The Best Cut Of Pork For Porterhouse Steak Fans

One downside to loving an expensive steak like porterhouse is that it's not always going to be within reach, but you can get a similar experience with a cut of pork. Despite the classic ad campaign trying to convince people that pork is a lean white meat option, pork is, in fact, red meat. It's not a perfect substitution for beef, of course, but it still has some very meaty, satisfying cuts that will also be a lot more affordable than their cow-based counterparts. And while you might think that highly specific cuts of steak like porterhouse would be hard to replace, the pig will surprise you with its versatility. So we reached out to an expert, Jamie Waldron, the owner and operator of J. Waldron Butchers in Hamilton, Ontario, Canada, to ask what cut of pork he would choose in place of a porterhouse.

Waldron says that a pig has the exact same kind of cut as a porterhouse on a cow, explaining, "Anatomy doesn't change on quadrupeds, the muscular structure is the same. Go with a thick cut pork T-bone (also known as the double loin or mid-loin chop)." Like a porterhouse steak, the T-bone holds together two distinct cuts of meat, and Waldron says, "This cut provides 2 prime muscles, the tenderloin and the main muscle loin. On beef, we call them tenderloin and the strip loin." And Waldron notes that since this cut of pork is almost identical to porterhouse, you can cook it the same too.

Pork T-bone steaks combine two juicy pork cuts just like a porterhouse steak

Like the loin in the cow, the combo of pork loins in a pork T-bone are tender cuts. Waldron says, "My recommendation for most cuts that already have a reputation for tenderness is one of two ways: sear on high heat and finish on low until the desired temperature is achieved, or the reverse sear; this is when a cut is cooked slowly until the desired temp is reached before cranking the heat to high to get that deep sear." Both methods that Waldron describes are similar ways to achieve the end result of a tender, juicy interior and browned, flavorful exterior.
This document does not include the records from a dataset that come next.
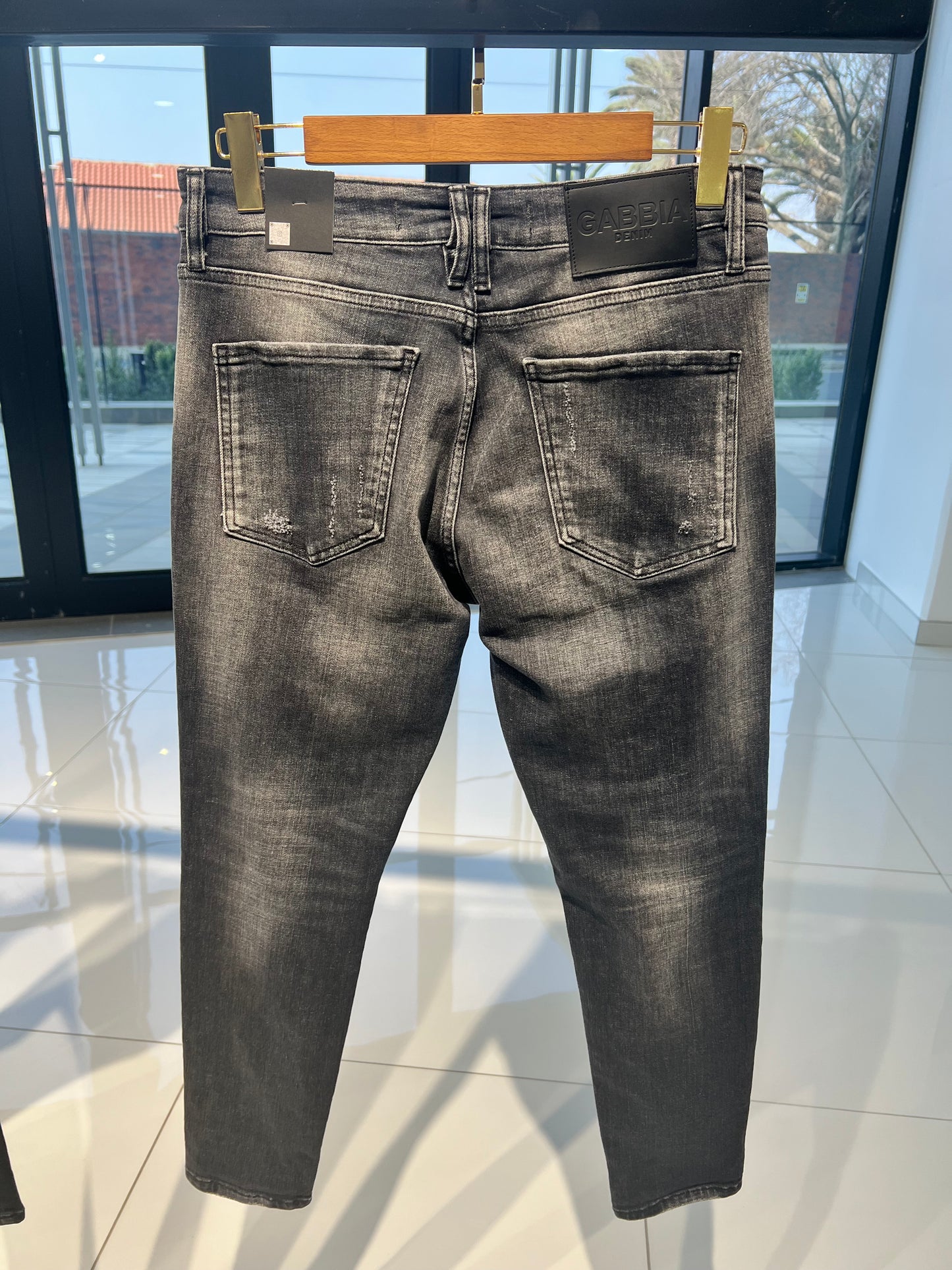 Men's Jeans Grey/Black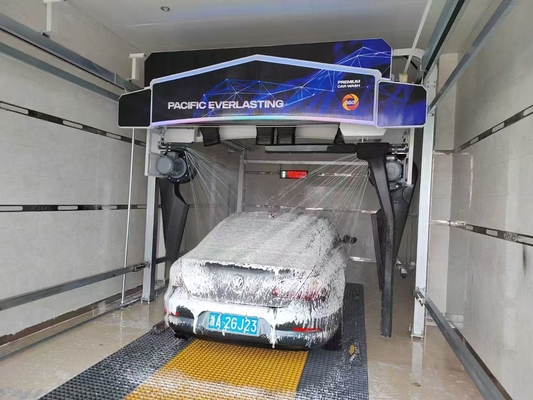 6 Lufttrockner automatische berührungsfreie Autowaschmaschine 24-Stunden-Service vollautomatische Autowaschmaschine 100-130 Bar Rollover Autowaschmaschine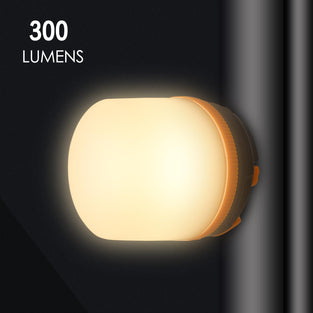 KunHe 3 Pack Portable Camping Lanterns 300 Lumens Warm Light LED Lamps 3 AAA Batteries Powered Lightweight Kids Lantern…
As with a porterhouse, you'll probably want to start with just a simple salt and pepper seasoning for your pork T-bone steak, especially if you are cooking it on the grill for some more smoky flavor. But pork's more mild nature also frees you up to try some more sauces with your steak as well. Pork and mustard are a classic pairing, and a creamy Dijon mustard sauce is a nice complement to a meaty T-bone. If you want to go with something a little more rich that will also add to the meatiness, a light mushroom gravy is a great option as well. And finally, you could go full on steakhouse with a tangy peppercorn sauce. It may not be a porterhouse, but pork T-bone will still satisfy that itch.